Подвигом Чехова стала его поездка на Сахалин, далекий тогда каторжный остров. (Не буду говорить о причинах, подвигнувших благополучного, уже завоевавшего успех писателя на оказавшуюся смертельно опасной для него поездку.) Но не меньшим подвигом стала книга «Остров Сахалин». И смелость художника здесь видна, как мне кажется, прежде всего в способе повествования, в тональности книги. Их Чехов нащупывал постепенно, в ходе работы, которая растянулась почти на пять лет.
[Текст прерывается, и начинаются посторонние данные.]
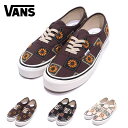 バンズ スニーカー オーセンティック VANS ヴァンズ Authentic 44DX Granny Check ブラウン ホワイト ブラック ローカット 紐靴 シューズ シンプル vn0a7q5c 2022 春夏 SS 正規品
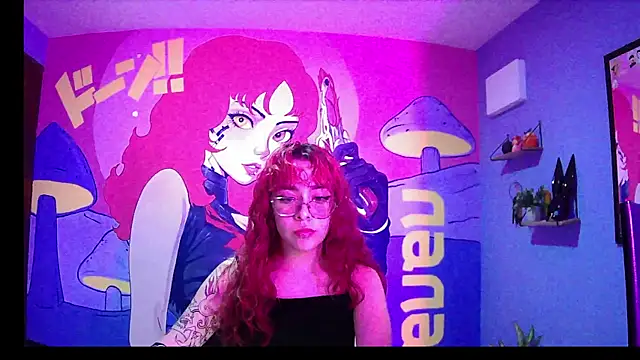 NanaGameplays707 online show from February 2025 11:20:01 PM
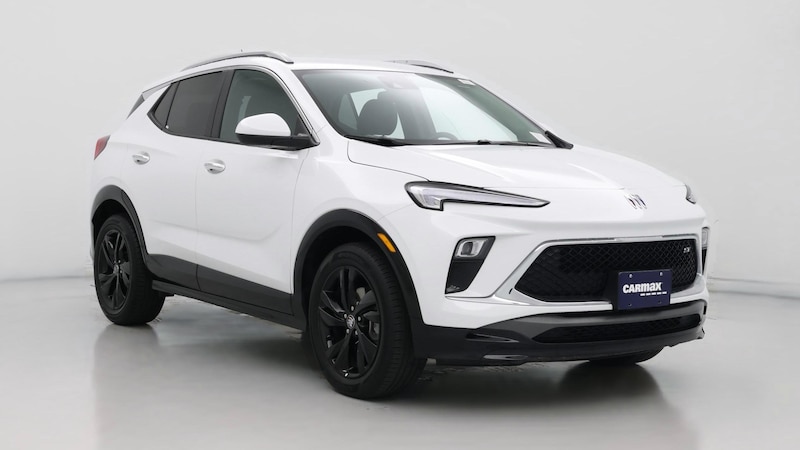 2024 Buick Encore GX Sport Touring Hero Image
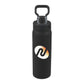 Canyon Recycled Stainless steel Bottle 30oz - Black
Чехов знал, что адресат его книги о каторжном острове – читатель равнодушный, не желающий знать истинной сложности явления. Научный подход к проблеме, убийственная статистика, учет огромной литературы вопроса, личные наблюдения – всем этим такого читателя не проймешь. И Чехов создает особый образ автора, рассказывающего о том аде на земле, каким ему представилась сахалинская каторга.

Это не проповедник, не обличитель, как следовало бы ожидать. Подвиг, о котором совершивший его рассказывает с самоиронией, – такого в литературе о подвижниках до Чехова не было. Самоирония вместо аффектации, обличительства, проповедничества в рассказе о страшном зле – это стало решением высокой художественной смелости.[177] (В книге «Сахалин» Власа Дорошевича, приехавшего сюда впоследствии, как раз много и «общих мест», и «жалких слов» и «трескучих описаний». На иную тональность «не хватило мужества», можно было бы сказать словами Чехова.)

Вообще книга «Остров Сахалин» – самое непрочитанное из чеховских произведений. Изучать ее – значит находить все новые и новые подтверждения этому.

Так, одной из трудно понимаемых загадок Чехова считается противоречие между гимном подвижничеству, прозвучавшим в его статье о «людях подвига» (некрологе Пржевальского), и полным отсутствием героев такого плана в собственно художественных текстах писателя.

Почему,– недоумевали Чуковский, Дерман, Эренбург и многие другие, – воспев энтузиаста-подвижника в публицистической статье, Чехов не создал победительный образ такого сильного героя в рассказе или пьесе? Почему изображению героев он предпочел изучение жизни людей слабых, побеждаемых враждебными им обстоятельствами?

Почему, скажем, образ зоолога и путешественника фон Корена из повести «Дуэль» не стал художественным эквивалентом Пржевальского из некролога? Ведь у них совпадает (и явно не случайно) многое – и преданность раз навсегда избранной идее, и готовность к испытаниям, и служение науке и благу человечества, и т. д. и т. п. Но в повести Чехов сильного человека, по многим признакам подвижника науки, останавливает на пороге убийства и заставляет признать, что «никто не знает настоящей правды». Почему это так? Не отступление ли это Чехова-писателя со взятой Чеховым-публицистом высоты?

Может быть, потому, отвечаю я, что через полтора года после написания статьи Чехов столкнулся с оборотной стороной подвижничества, столкнулся на Сахалине.